LHS = $1+{{\cot }^{2}}\theta $
We know that $\cot \theta $ is the ratio of $\cos \theta $ and $\sin \theta $. So, we can write
 LHS = $1+\dfrac{{{\cos }^{2}}\theta }{{{\sin }^{2}}\theta }$
Taking the LCM, we get
LHS = $\dfrac{{{\sin }^{2}}\theta +{{\cos }^{2}}\theta }{{{\sin }^{2}}\theta }$
But we know that ${{\sin }^{2}}\theta +{{\cos }^{2}}\theta $ is equal to 1. Thus, we have
LHS = $\dfrac{1}{{{\sin }^{2}}\theta }$
We know very well that $\text{cosec }\theta =\dfrac{1}{\sin \theta }$ . So, we finally have
LHS = $\text{cose}{{\text{c}}^{2}}\text{ }\theta $ = RHS
Thus, we have $1+{{\cot }^{2}}\theta =\text{cose}{{\text{c}}^{2}}\theta ...\left( i \right)$
In this problem, we will need to use equation (i).

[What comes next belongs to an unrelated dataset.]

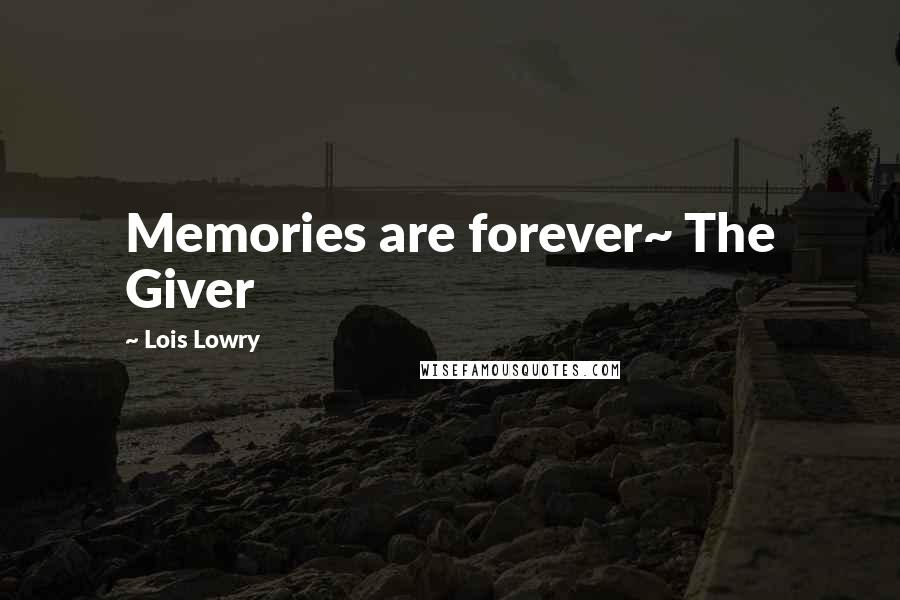 Lois Lowry Quotes: Memories are forever~ The Giver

Let us rewrite this equation,
$1+{{\cot }^{2}}\theta =\text{cose}{{\text{c}}^{2}}\theta $
On rearranging the terms on both sides of the equality sign, we get
$\text{cose}{{\text{c}}^{2}}\theta -{{\cot }^{2}}\theta =1...\left( ii \right)$
We very well know the identity for the expansion of difference of squares, ${{a}^{2}}-{{b}^{2}}=\left( a+b \right)\left( a-b \right)$ . Using this identity on the LHS part of equation (ii), we get
\[\left( \text{cosec }\theta +\cot \theta \right)\left( \text{cosec }\theta -\cot \theta \right)=1\]
Rearranging the terms, we get
$\text{cosec }\theta +\cot \theta =\dfrac{1}{\text{cosec }\theta -\cot \theta }$.
Hence, we proved the required equation.

Note: We need to change the equation $1+{{\cot }^{2}}\theta =\text{cose}{{\text{c}}^{2}}\theta $ into the form $\text{cose}{{\text{c}}^{2}}\theta -{{\cot }^{2}}\theta =1$. This is a relatively easy step, but we need to use this step compulsorily, to reach the required end result. We must always remember these three trigonometric identities as it forms the basis of the complete trigonometry chapter.